Ce sont elles qu’il faut uniquement consulter pour constituer la théorie positive des sociétés humaines et la science des rapports vrais qui doivent enchaîner l’action de chacun à la marche de l’ensemble. En d’autres termes, et pour emprunter le langage de l’école, la sociologie est dans une dépendance étroite de la biologie. Voici l’axiome dans lequel M. Herbert Spencer résume sur ce point les idées et les vues parfaitement concordantes des représentans de la doctrine : « Toutes les actions sociales étant déterminées par les actions des individus, et toutes les actions des individus étant réglées par les lois générales de la vie, l’interprétation rationnelle des actions sociales suppose la connaissance des lois de la vie[1]. » Qu’on ne vienne donc plus parler de l’absolu du concept moral, d’un devoir imprescriptible et d’un droit éternel. Comme il n’y a pas un règne humain distinct du règne animal, il n’y a pas un monde moral distinct de la nature. Le premier progrès à faire dans la science nouvelle, c’est de bien comprendre l’unité des lois qui règlent la vie à tous les degrés où elle se manifeste. Or la première de ces lois, c’est la relativité universelle, la transformation incessante, l’évolution, seul principe éternel dans le changement sans fin des formes et des êtres, des conditions dont dépendent les formes, et des milieux dont dépendent les êtres.

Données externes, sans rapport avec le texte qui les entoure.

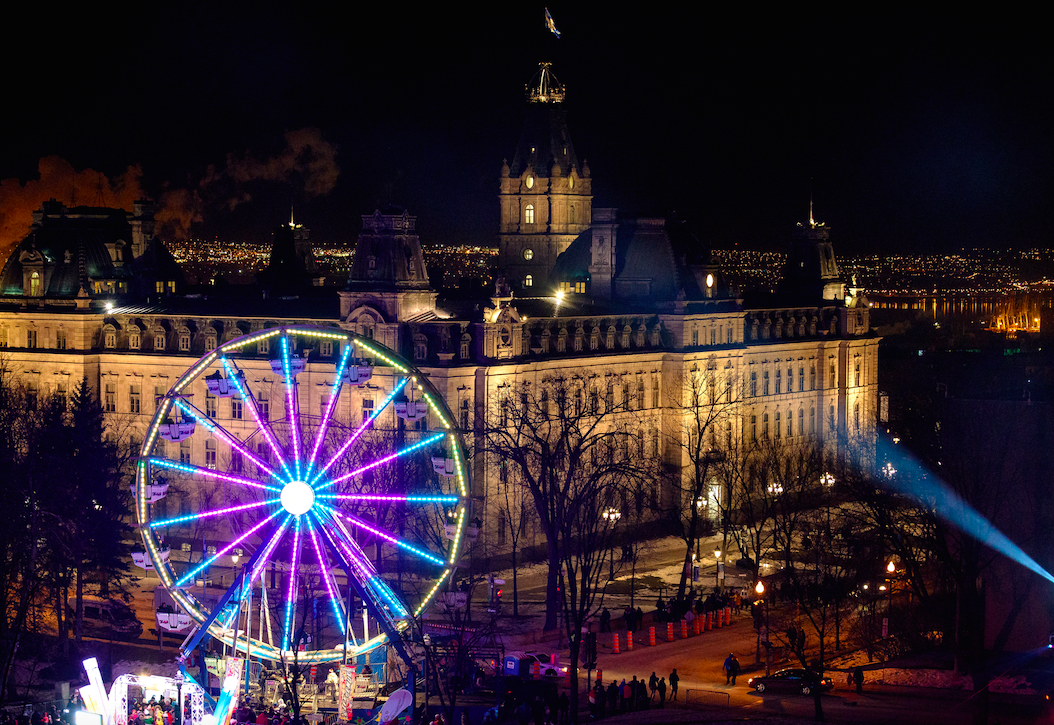 Loulou&#039;s views: Celebrate the New Year in Style In Quebec City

« La formation des sociétés étant déterminée par les attributs des individus, et ces attributs n’étant pas des constantes, » rien ne doit être plus variable que les règles qui déterminent les rapports des différens membres de la communauté soit entre eux, soit avec la communauté elle-même. Ainsi s’évanouit la chimère spiritualiste de l’homme universel, identique, constant a lui-même sous des variations superficielles, ayant dès les premiers âges sinon la même conscience en acte et développée, du moins la même conscience implicite et virtuelle, les mêmes facultés à des degrés différens, la même nature intellectuelle et morale, enveloppée comme dans un germe qui porte déjà toute l’histoire future de l’humanité. Rien de plus faux qu’une pareille conception. L’homme est devenu ce qu’il est, mais cela aurait pu ne pas être; un fait insignifiant en apparence changé dans sa laborieuse histoire, elle aurait pu changer du tout au tout; l’homme pouvait rester enchaîné à jamais dans les liens de l’animalité muette; une autre espèce aurait

  1. Introduction à la science sociale.